髪が伸びてうるさくて仕方ない。最後にプロに切ってもらってから1年も経つだろうか。
身近な人に髪を切ってもらう
嫁に行った娘に切ってもらうのが慣わしになっているが、娘はこども会やら孫の部活やらで実家に帰ってくることが少なくなった。妻にお願いしたら「いいですよ」と言いつつ、1000円でカットする店を案内した。1000円か、中国産を我慢すれば鰻が買えるなと思う。
お気に入りの美容院、床屋はあるが、何しろ人と会うことがないので、しゃれる必要がなくなった。「そういうのを老化と言うんですよ。そうはなりたくないですね」という声が世間一般であろう。
とにかくそんなことで忙しい妻の貴重な時間を奪うわけにはいかない。「よし、バリカンを買って頭を丸め、一からやり直そう」と何度も思ったが決心つかず、自分でハサミを使ってバサバサと切り落とした。お~なかなか器用だねと、鏡の中の自分を褒めてやる。妻も「器用ですねぇ」と褒めたが、本心は面倒なことをせずに済んだとほっとしているに違いない。
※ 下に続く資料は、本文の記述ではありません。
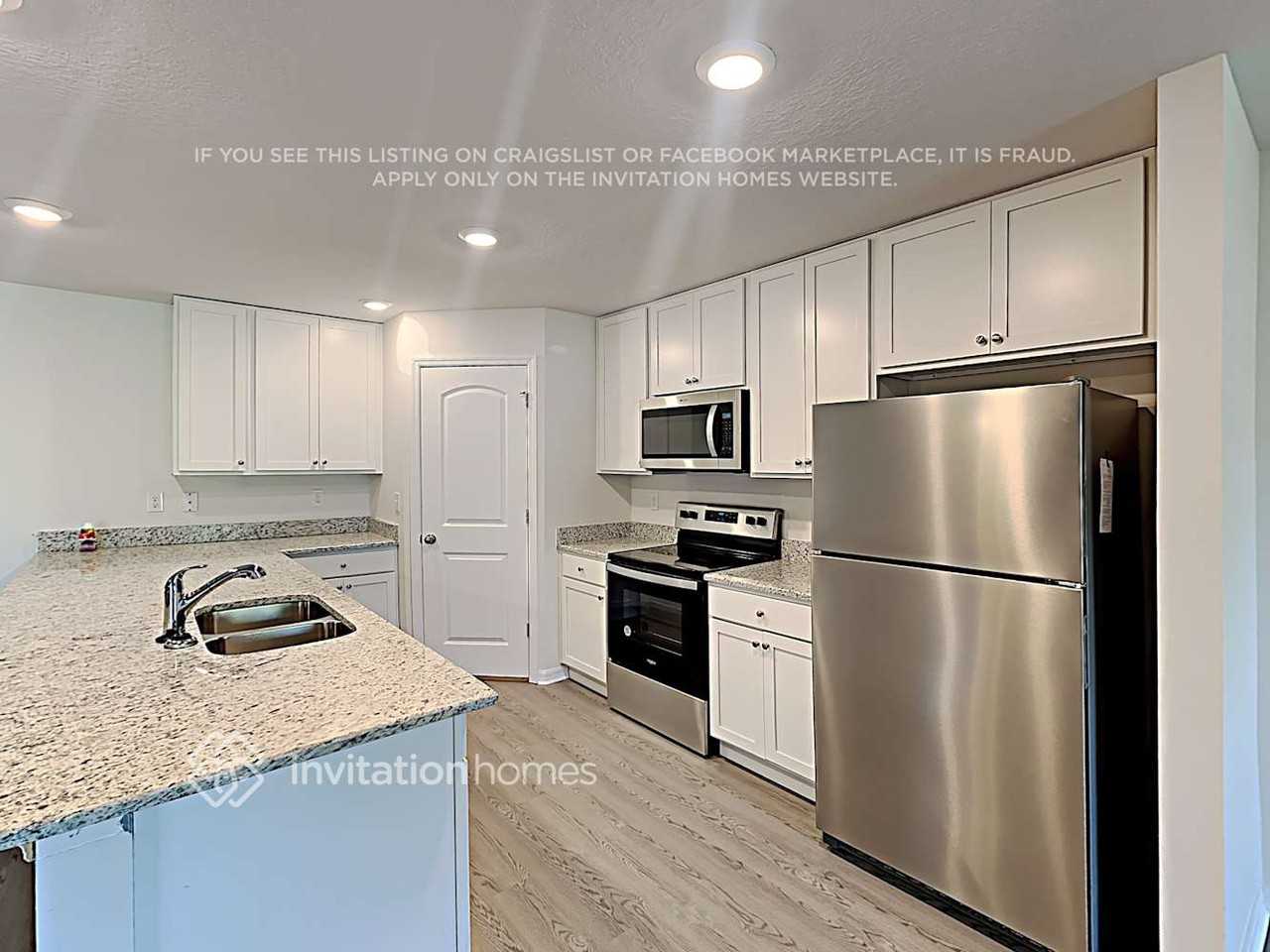 1902 Michigan Ct - Photo 4 of 17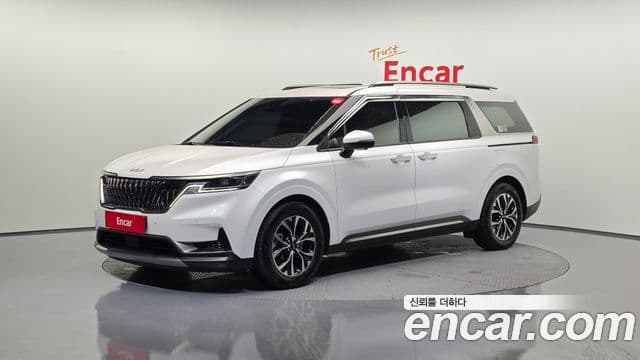 Kia Carnival 2023 — Фото 1/20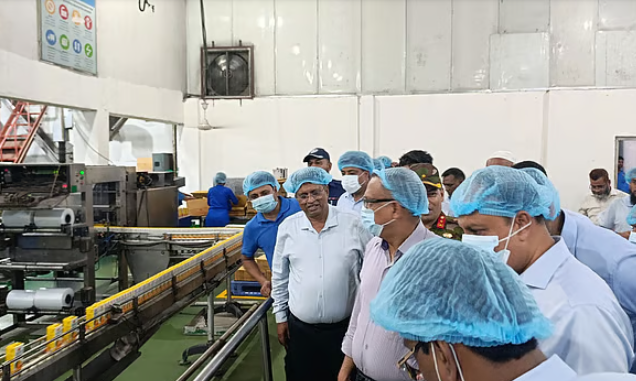 নরসিংদীতে প্রাণের শিল্পপার্ক পরিদর্শনে বস্ত্র প্রতিমন্ত্রী: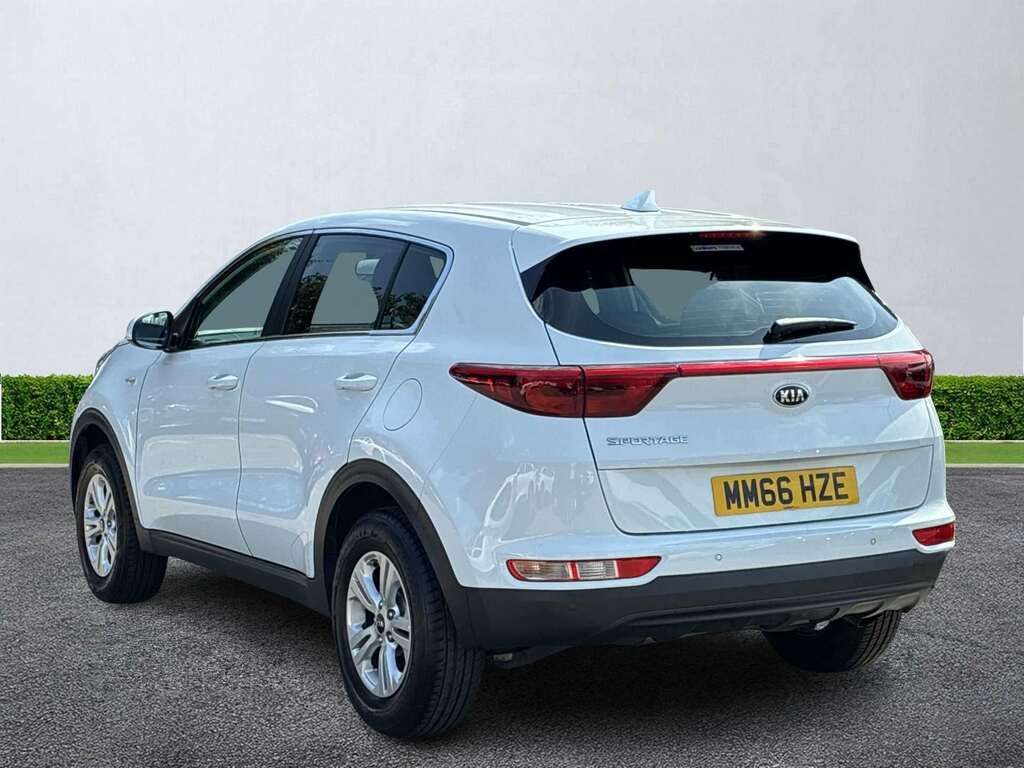 Kia Sportage 1.6 Gdi 1 White #2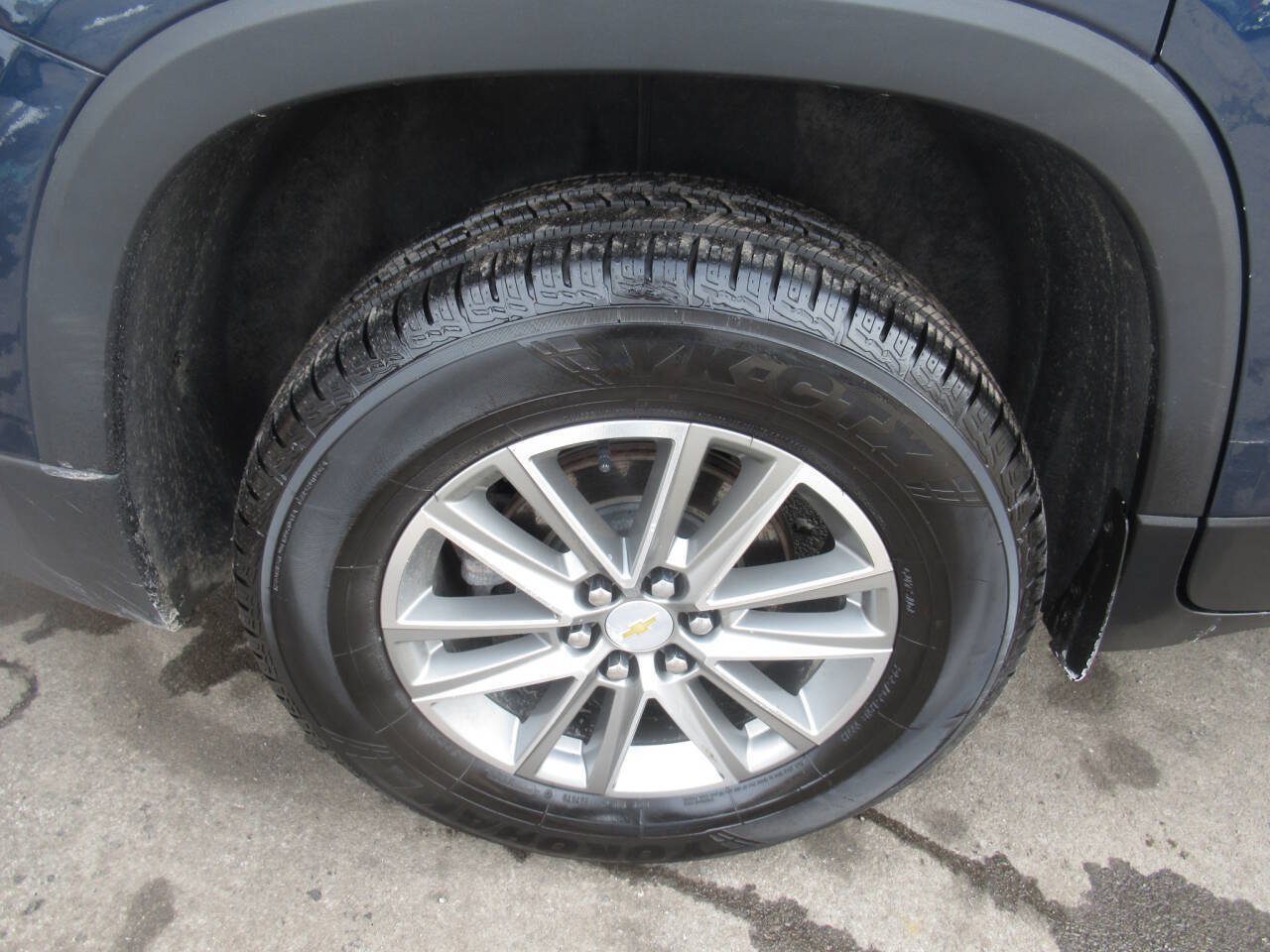 Used 2023 Chevrolet Traverse LT w/ LPO, Floor Liner Package AWD/4WD image 10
漫画家・つげ義春は床屋嫌いで奥様に髪を切ってもらっていたようだ。「義男の青春・別離」(つげ義春,新潮文庫,1998)の作品「夜が掴む」に、家を出た妻が持ち出した風呂敷の中身が夫の髪で、「もったいないから ためておいたのよ」「売ろうと思って…」「私一文なしだから これくらい持っていってもいいでしょう?」というセリフがある。
長い髪であれば寄付して人の役に立つこともあるだろうし、それが婦人のものであれば漆の筆として活用されることもあるだろうが、短い髪の使い道は未だに知らない。私も切り落とした髪を見ては、もったいないと思っている。
つげ義春の時間
「貧困旅行記」(つげ義春,晶文社,1991)に、つげ義春が家族旅行で宿泊した宿で、宿の主人からサインを求められ、自分の名が見ず知らずの他人に知られていることにうろたえるシーンがある。
「つげ義春日記」(つげ義春,講談社,2020)では、昭和53年6月13日の日記に「銀行でもそうだ。何気ない風を装って雑誌を見るふりをしているが、神経は名前を呼ばれることに張りつめ、だんだん自分の番が近づいてくるとドキドキする」「それに自分は風采が不潔なのも恥ずかしい。といって清潔にするのも自分に相応しくないと思うので、人前に出るのは苦手でならない」と記している。
私は4月1日から積極的に引きこもったわけだが、最近、買い物などで外出することを考えただけでドキドキする時がある。家族以外と直接顔を合わせて会話するのは月に1回あるかどうかであり、会話する能力が急激に劣化したことが原因ではないかと思っている。
昭和55年4月15日の「つげ義春日記」には、精神科への電話を切ったあと、奥様が「私もお父さんは少しおかしいと以前から思っていたのよ」といって泣き出すシーンがある。深刻な状況ではあるがどこかユーモラスな感じもする。
外部との接触が減ることに比例して家庭内の人間関係は濃密になり、家族一人一人の存在は大きくなっていく。しかし外に出れば、自分自身と社会との距離が大きくなり、自身の存在が限りなく小さくなっていくのを感じる。それは心地よいとは言えないため、さらに外部との接触を避けるようになる。
そしてそこに病が発生すれば、その比重はとてつもなく大きなものになるが、つげ義春と奥様と息子3人の濃密な関係の日々は、私にとっては憧れとも言える懐かしい時間に思えてならないのである。